Normally, when you first start up a business, you tend to keep it small and pretty simple. The company is formed and registered, shares are allocated as directors see fit and you begin trading. Within a few years, though, if business booms and you have a particularly innovative product or service, it might be possible to float on the London Stock Exchange. This is not for the faint hearted. Floating your company can be one of the most exciting and exhilarating experiences in business but it can also be time consuming, expensive and stressful. It will also change the shape of your company forever.
The companies with most to gain by going public have strong and substantial earnings growth or large quick growth potential. Having something unique or special is vital to put you ahead of the competition. Other essentials include a strong, stable management team and good internal controls and systems to handle the increased growth and financial changes.
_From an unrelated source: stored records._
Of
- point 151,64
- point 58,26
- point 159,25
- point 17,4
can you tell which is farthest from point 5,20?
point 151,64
Obviously, the main reason to float your company is to raise cash. The money raised can be used for buying other companies, paying off debt, funding huge advertising campaigns etc. When companies raise money by issuing shares they can still keep control. A company worth £100 million may raise £50 million by making, for example 50 million shares available at £1.00 each. Therefore the company still owns 50% and there are many shareholders helping to fund the growth of the company. Private limited company shares are normally restricted to its members, to staff and their families etc. They may only be sold or transferred with the permission of the directors.
There are three different share types. Ordinary shares have no special rights or restrictions and may be divided into classes of different value. Preference shares normally carry a right that any annual dividends available for distribution will be paid preferentially on these shares before other classes. And, finally differential share rights/values which are ordinary shares with differential voting and/or dividend rights.
Apart from raising capital a float can provide an exit for existing investors who sell their shares as part of the floatation as well as allowing investors to trade shares. Of course floating a company also provides a market valuation for the company’s shares as well as increasing the company’s profile with customers, suppliers and business associates.
Disadvantages of floating a company can be many. Most companies cannot offer a return on investment sufficient to attract investors, so it is essential to have a good record in generating profits. Initial costs can be massive. Advisors fees can be between £150,000 to £350,000 for a small firm. After the float you need to pay commission on new money raised (this can be 5%), plus you will need to advisors after the float (corporate advisors charge at least £25,000). Even if you can afford it, you will have to submit to the rules for publicly listed companies, and also have to satisfy shareholders’ interests which may be quite different to yours. Shareholders may want to focus on short-term profits, or expect generous, regular dividends, which could undermine cash flow. Control can be lost, particularly if substantial investors want their own representatives appointed to the board and it can then be easier for another business to make a takeover bid.
Also consider the hidden costs. During flotation managers will be distracted from the daily running of the business and there will ongoing dealings with investors afterwards. Regulatory requirements include publishing full accounts twice a year and follow certain standards of corporate governance. Shareholders also need to be regularly and speedily kept informed of new developments.
If you are not put off these gruelling procedures, and are prepared for the costs and the stress involved then maybe floating your company on the stock market is real option and you can look forward to inviting all shareholders to the first Annual General Meeting.